Clearly Dr. Susan O’Leary, president of the Canadian Anaesthesiologists’ Society, disagrees. “I think a lot of people feel uneasy with the entire concept of this,” she told the National Post. “This is not what we intended when we became anaesthesiologists.”

So who is to do it? Dr. Will Johnston, the head of the B.C. wing of the Euthanasia Prevention Coalition, somewhat whimsically suggested that if Canada still had the death penalty, professional hangmen would have been the logical choice.

Of course: the fussy, self-indulgent Canadians who champion euthanasia would never put up with the severe and chilling facilities in Canada’s prisons. They want to be coddled and cosseted and treated like the masters and mistresses of their fate they deem themselves to be. Only hospitals staffed by their respectful, soft-spoken, white-robed priests and priestesses of medicine will do for them.

But wait, even as Canada abolished its death penalty and its hangmen, it slowly opened the legal doors to the wholesale slaughter of more than a hundred thousand human beings annually, and more than a million and a half in total. In so doing, a new profession was born: the full-time abortionist!

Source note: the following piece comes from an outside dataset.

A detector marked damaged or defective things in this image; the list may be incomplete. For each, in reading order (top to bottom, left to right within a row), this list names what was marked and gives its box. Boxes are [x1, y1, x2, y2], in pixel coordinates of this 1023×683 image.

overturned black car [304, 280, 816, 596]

It’s a no-brainer. Abortionists already are well-trained in the use of fatal medications. They already treat the women who provide them their livelihood with the required due deference, while ever mindful that, you know, the clock is ticking, time is money and the next unborn baby is in the waiting room.  And the best qualification of all, philosophically they are already way past having any moral qualms about killing human beings.

And let’s face it, as a group they could use a boost. Many smaller communities don’t have abortionists at all. For the very reasons given above, most doctors just don’t want to kill people despite decades of being told that unborn babies aren’t people.

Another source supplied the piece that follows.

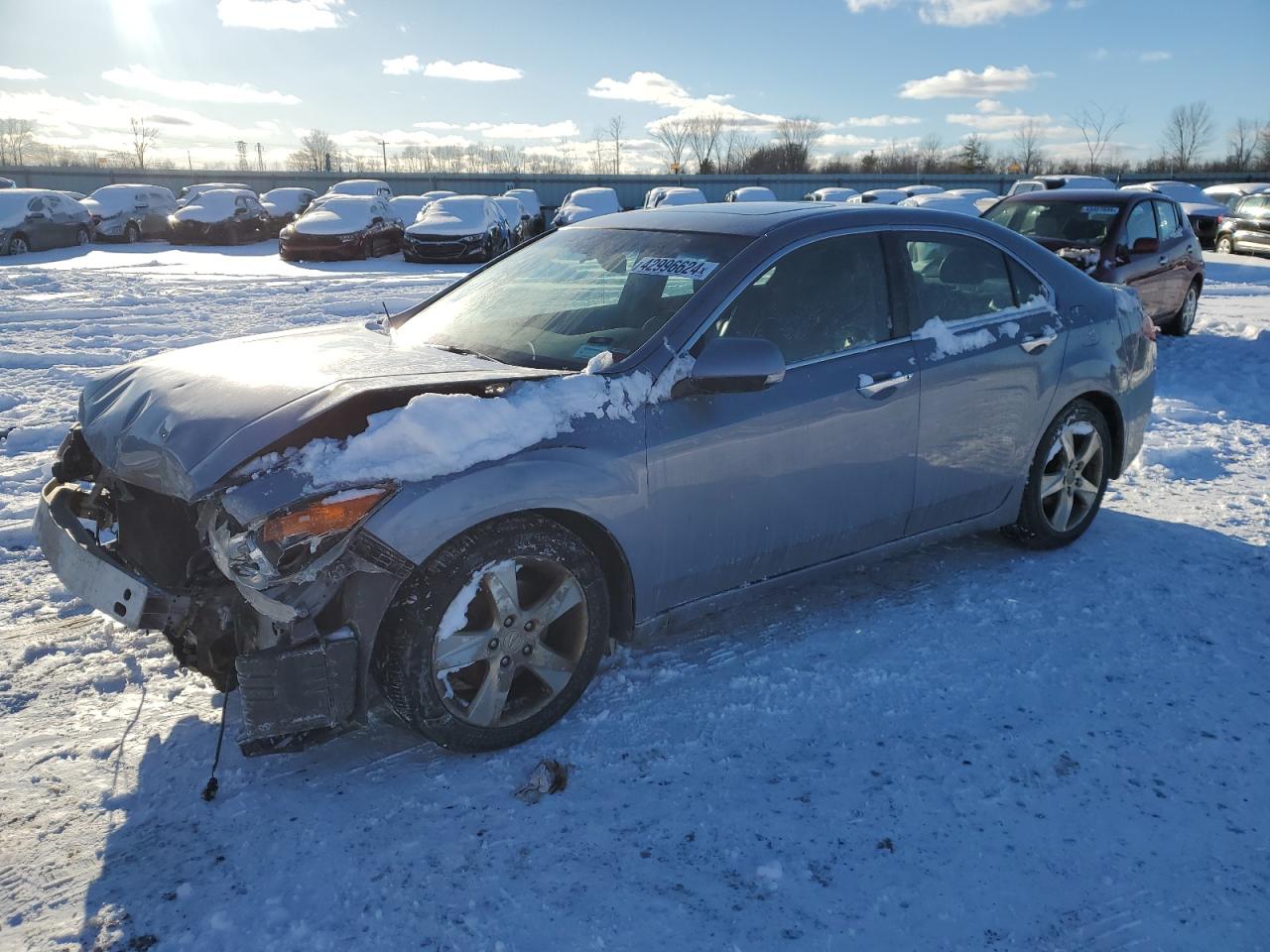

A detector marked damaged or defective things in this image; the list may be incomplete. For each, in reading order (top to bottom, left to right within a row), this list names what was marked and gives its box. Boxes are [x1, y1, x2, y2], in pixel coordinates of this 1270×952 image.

crumpled hood [79, 324, 556, 502]
damaged front end of car [37, 423, 414, 751]
broken headlight [207, 492, 391, 588]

But if in Canada there is already a stigmatized group of doctors who have closed their hearts to the silent screams of the most vulnerable, it wouldn’t be a stretch at all for them to take on killing the elderly, terminally ill, disabled, or just temporarily depressed. Maybe between the two jobs there’d be enough business to sustain a practice even in those rural communities which are woefully denied abortion services. And if not quite enough, there’s always a need for cattle feed in rural Canada. Maybe a third income stream from the sale of the remains from euthanasia and abortion would make the abortion/euthanasiast’s job more attractive.

After all, when Jonathan Swift mocked English hard-heartedness with his Modest Proposal to solve Irish starvation by feeding the adults their own children, some took him seriously. And in reality, executioners in Early Modern Germany supplemented their incomes by rendering the remains of those they killed down for various industrial purposes. Why, until a year or so ago, British Columbia shipped its medical waste, including the bodies of aborted unborn babies, to Oregon to generate fuel in a waste-to-energy plant.

I think it’s a winner.

Editor’s note: The foregoing “proposal” is, naturally, and one hopes evidently, offered in the same satirical spirit as Swift’s own modest proposal.